Erick fica envergonhado do que chama de "panes". As marcas no corpo também incomodam o rapaz. "Costumava esconder a minha mão. Hoje não tenho mais vergonha", disse, sem perceber que mantinha a mão coberta por um gorro. 

Como Jario, Erick não recebeu indenização. "Nem mesmo um telefonema", diz ele, cuja mãe é cabeleireira e o pai, caminhoneiro. Erick paga o aluguel com o salário do estágio. 

Outros sobreviventes trancaram a faculdade por problemas psicológicos. É o caso da estudante de engenharia Gabriela Leite, 20, que perdeu amigos, além do namorado. Ela teve afundamento do crânio, ficou em coma e passou por cirurgia no cérebro. 

Recuperada, voltou para a universidade, mas passou a ter crises de ansiedade e trancou o curso. A jovem não quis conversar com a reportagem. "Ela não fala do acidente. Ela se fechou", lamenta o pai, Gilberto Bras, 47. 

Segundo ele, Gabriela ficava nervosa com o trajeto de ônibus. Morar em Mogi também não resolveu. Ela tinha crises, às vezes semanais, e os pais precisavam buscá-la. "Ela sente falta de ar, dor no peito e fica paralisada. Já fomos em vários psicólogos." 

Ele fez um acordo com a empresa. "Recebemos R$ 50 mil, mas já foi quase tudo no tratamento. Só aceitei para evitar mais desgaste para a Gabi". 

Em 2016, cinco familiares ou vítimas assinaram um TAC (termo de ajuste de conduta), feito entre a empresa e a Defensoria Pública do Estado de SP. 

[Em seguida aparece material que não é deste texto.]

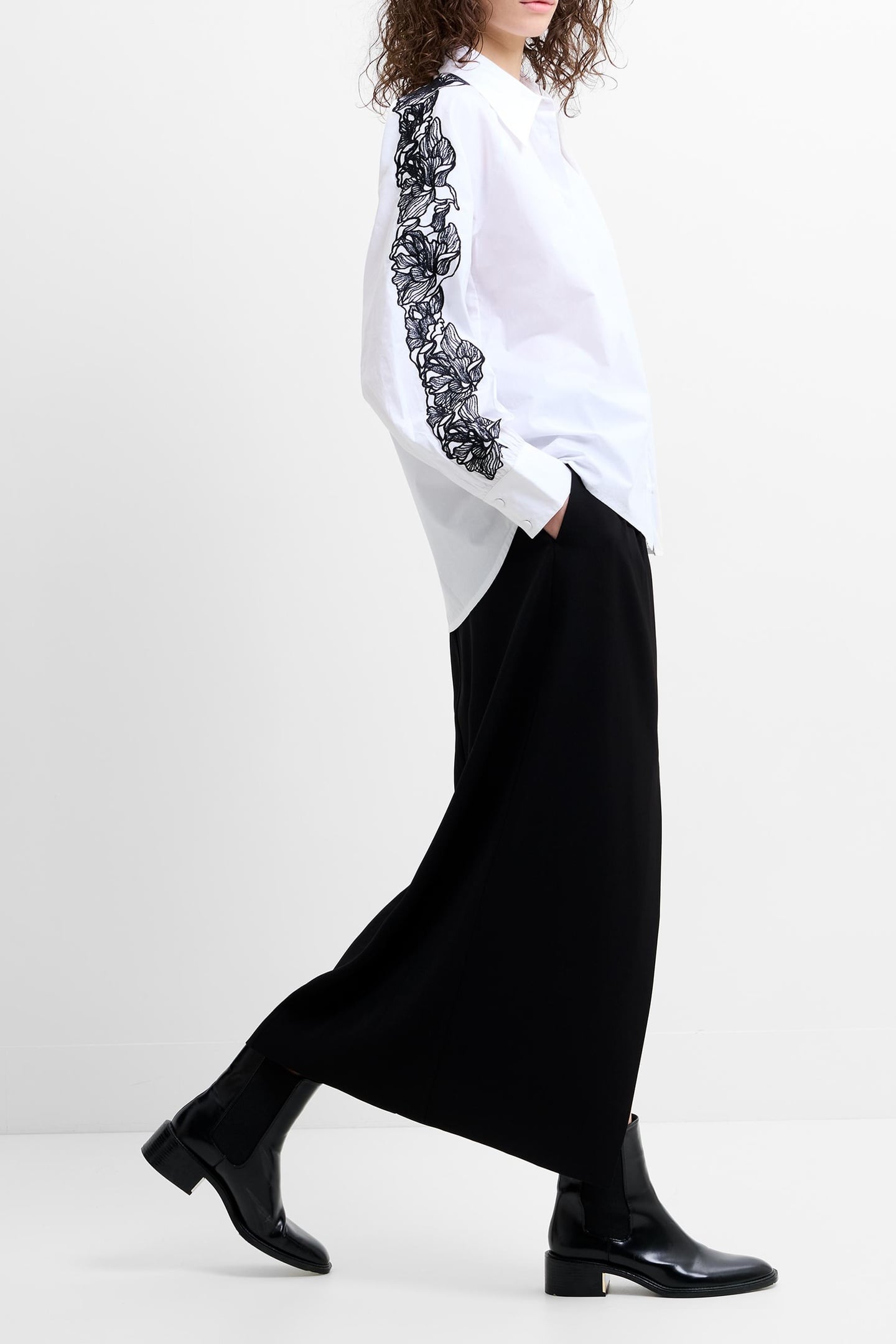 CAMBRIA COTTON EMBROIDERED SHI LINEN WHITE/BLACK LINEN WHITE 4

Para o advogado José Beraldo, que defende algumas das vítimas, o valor foi baixo, "um absurdo". A defensoria afirma que os valores são confidenciais e seguem a jurisprudência. 

Por meio de nota, a União do Litoral disse que se defende na Justiça "da alegação de falta de manutenção dos freios". 

Afirma que realizou, nos últimos anos, diversos acordos com as vítimas. "Não consta na empresa reclamações de alunos a respeito das condições ou qualidade dos serviços", afirmou, sobre os ônibus. 

A empresa disse que, em 25 anos de operação, não se envolveu em outros acidentes com morte de passageiros e que investe em segurança. Procurada, a Prefeitura de São Sebastião não se manifestou.

Na sexta-feira (8), pais e amigos das vítimas inauguraram um memorial, em uma igreja. Jario, que organizou a homenagem, diz que a placa colocada em 2017, no local do acidente, foi roubada. 

Assim como mantém o jardim no cemitério, Jario não descuidou. Mandou fazer uma placa nova, de acrílico: "Não pode ficar no esquecimento".